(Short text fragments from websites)
-*-*-
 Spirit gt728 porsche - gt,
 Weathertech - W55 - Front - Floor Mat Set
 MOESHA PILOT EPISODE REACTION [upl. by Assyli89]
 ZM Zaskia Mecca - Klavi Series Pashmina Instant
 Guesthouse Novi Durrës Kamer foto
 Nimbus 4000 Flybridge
-*-*-
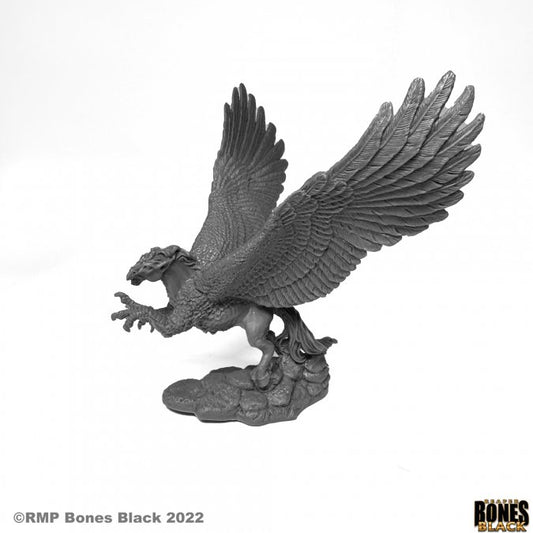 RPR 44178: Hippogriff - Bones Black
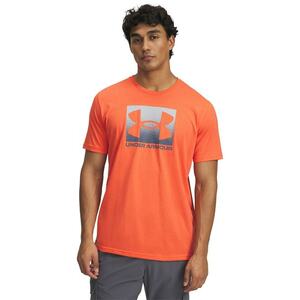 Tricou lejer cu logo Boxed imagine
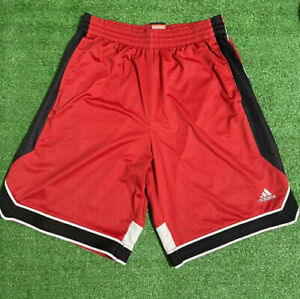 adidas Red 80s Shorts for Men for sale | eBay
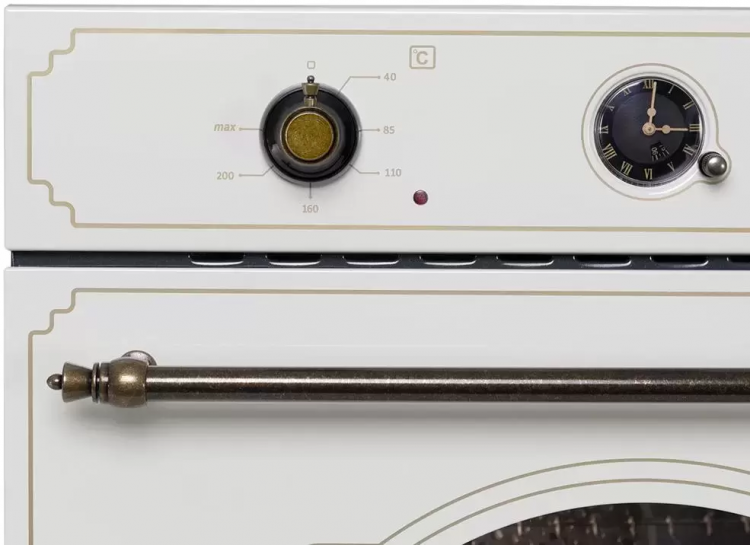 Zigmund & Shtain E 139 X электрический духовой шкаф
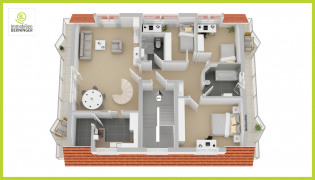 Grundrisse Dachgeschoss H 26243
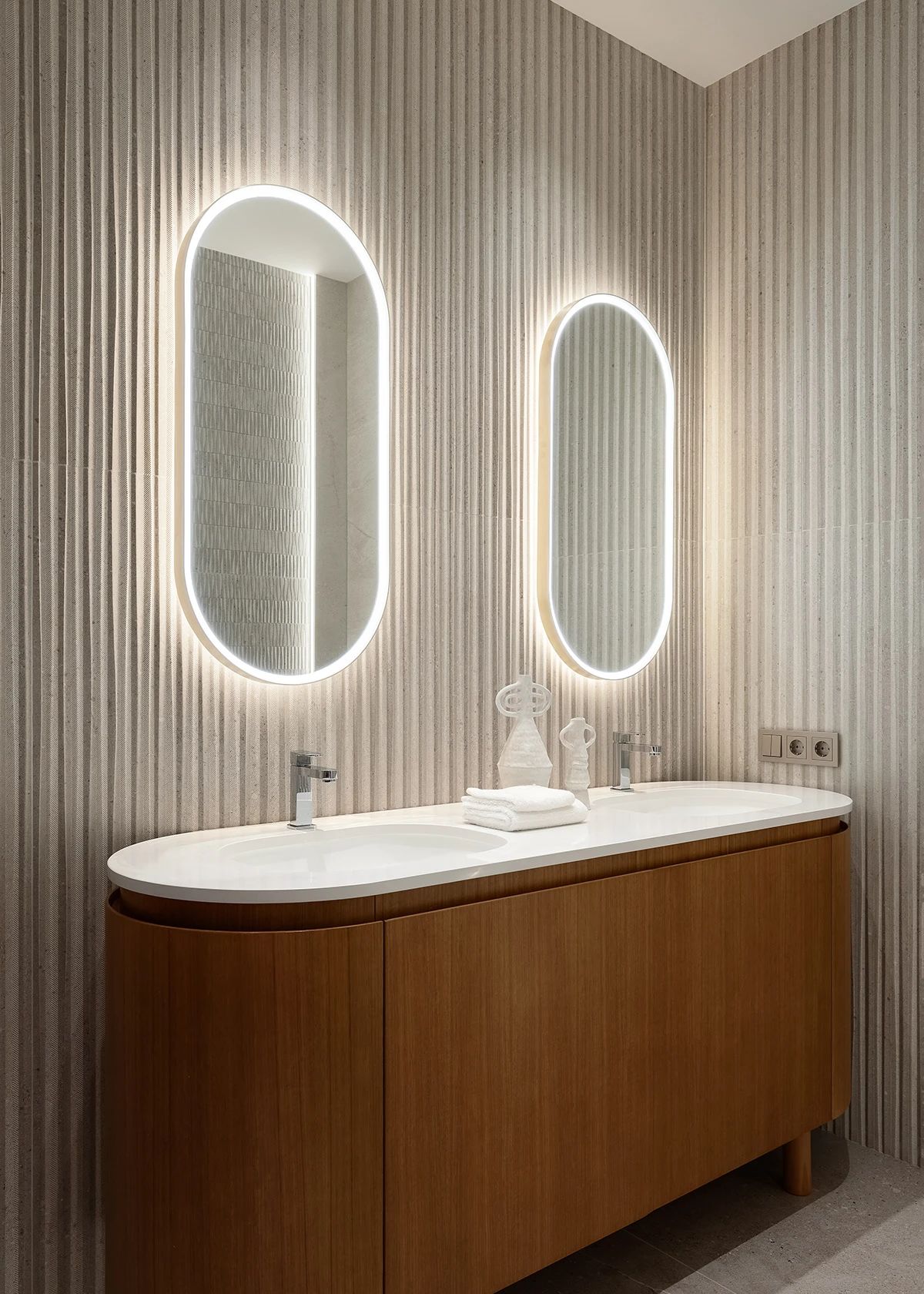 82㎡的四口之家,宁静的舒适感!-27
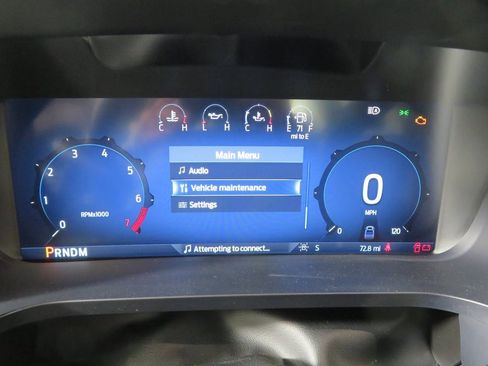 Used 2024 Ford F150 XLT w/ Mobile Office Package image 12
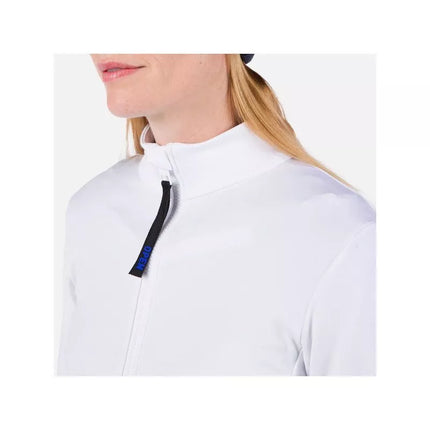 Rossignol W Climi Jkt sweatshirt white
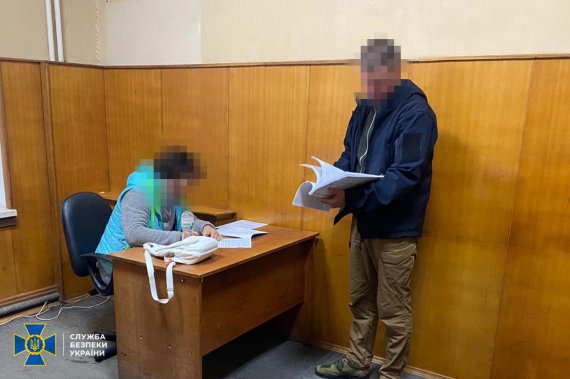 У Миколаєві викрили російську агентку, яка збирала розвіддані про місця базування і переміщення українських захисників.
-*-*-
### [Exercise prompt]
Once you find the line with "Spirit gt728 porsche" in the entries above, output it and each line after it up to and including the line with "Nimbus 4000 Flybridge", and nothing else.

### [Completed task]
 Spirit gt728 porsche - gt,
 Weathertech - W55 - Front - Floor Mat Set
 MOESHA PILOT EPISODE REACTION [upl. by Assyli89]
 ZM Zaskia Mecca - Klavi Series Pashmina Instant
 Guesthouse Novi Durrës Kamer foto
 Nimbus 4000 Flybridge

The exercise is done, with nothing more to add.